A significant challenge in determining flood areas is to identify the relations between the factors above that affect flooding. With the development of geospatial technology, different statistical methods have been extensively used in flood susceptibility studies, with GIS tools and remote sensing data (Membele et al. 2021; Pradhan and Youssef 2011; Omran et al. 2011; Koçyiğit et al. 2021). However, these studies are insufficient to create a generalized model for small areas, as they generally determine the flood potential by using the parameters of sub-basins as a reference but without considering the effect of the relationships between parameters. Various studies showed that parameters that directly or indirectly affect flood events and impact a basin are interconnected rather than independent (Ouma and Tateishi 2014; Wang et al. 2018; Khosravi et al. 2019). Thus, new approaches and methods are required to consider the effects of parameter interdependency on flood events. In the last decade or so, Multi-Criteria Decision Making (MCDM) methods that take into account the effects of complex inputs have been widely used in determining flood-prone areas (Ouma and Tateishi 2014; Roy and Blaschke 2015; Jaiswal et al. 2015; Dandapat and Panda 2017; De Brito et al. 2018; Wang et al. 2018; Dano et al. 2019; Hoque et al. 2019; Khosravi et al. 2019; Ishtiaque et al. 2019; Meshram et al. 2020).

Since flash floods occur non-linearly over a wide range of spatial and temporal scales, accurate and advanced tools and models are required to identify floodplains (Ahmadlou et al. 2019). Hence, Machine Learning (ML) algorithms with complex input and fast learning capabilities have attracted much attention from researchers. ML algorithms are generally used in flood, landslide, gully erosion susceptibility and groundwater potential mapping (Su et al. 2015; Hong et al. 2016; Rahmati et al. 2017; Naghibi et al. 2017; Ali et al. 2020). Various ML algorithms have become widespread with the development of technology for flood susceptibility mapping, where many geo-environmental parameters are effective (Abdollahi et al. 2019; Nhu et al. 2020; Band et al. 2020; Chakrabortty et al. 2021).

For flood prediction, some ML algorithms stand out due to their approaches and learning styles. One of these algorithms is the Support Vector Machines (SVM) algorithm, which has been used in studies to create linear and nonlinear models with the help of various kernel functions (Tehrany et al. 2015b; Su et al. 2015; Hong et al. 2016; Abdollahi et al. 2019). Another frequently used ML algorithm is the Artificial Neural Network (ANN) algorithm that has been shown to have the capacity to learn, memorize and reveal the relationship between data. With the help of these features, the ANN algorithm has been used to determine flood susceptibility maps (Jahangir et al. 2019; Andaryani et al. 2021; Ahmed et al. 2021). In addition to the SVM and ANN algorithms, the ML algorithm frequently used in the previous studies is the Decision Tree (DT) algorithm, which generally adapts well to a given data set due to the simple decision rules it creates (Tehrany et al. 2013; Choubin et al. 2019). When creating a model with decision trees, complex models (larger decision trees) may be required to increase the model's success. However, more complex models tend to produce lower generalization performance (Kotsiantis 2013).

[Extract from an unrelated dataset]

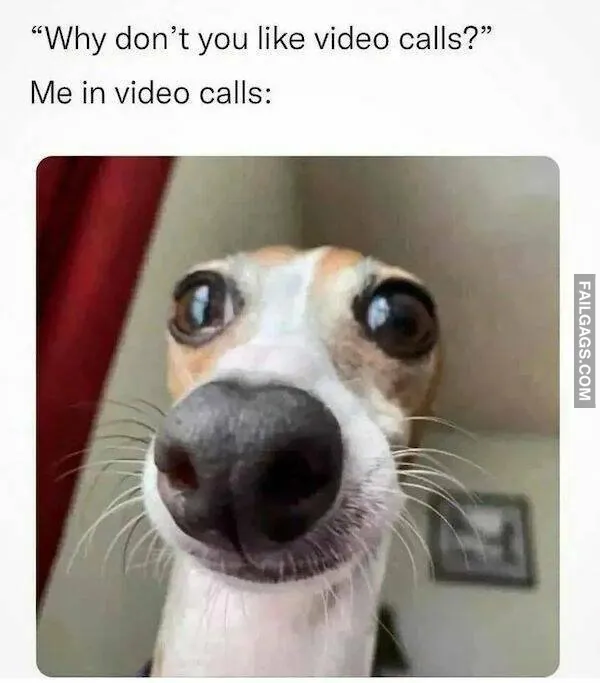 Funny Dog Memes 7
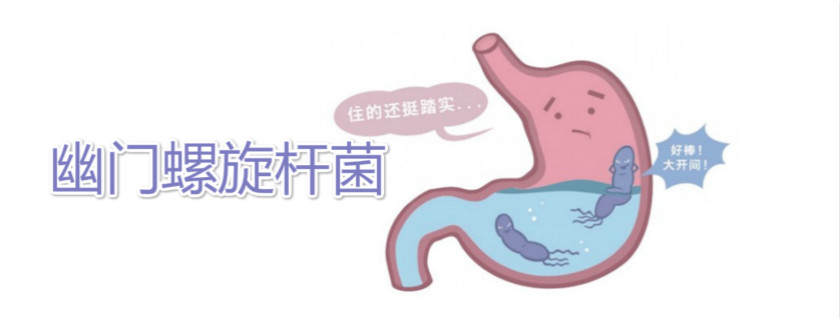 幽門螺旋桿菌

To enhance the generalization ability of ML algorithms, ensemble models have been used to prepare flash flood susceptibility maps instead of a single ML model (Choubin et al. 2019). Ensemble models are generally developed by integrating several statistical or ML models and appear to give improved results in obtaining the best performance with high prediction accuracy. Various new ensemble and statistical models have been used to prepare flood susceptibility maps (Tehrany et al. 2015a; Bui et al. 2016; Mojaddadi et al. 2017; Shafizadeh-Moghadam et al. 2018; Band et al. 2020; Prasad et al. 2021; El-Magd et al. 2021).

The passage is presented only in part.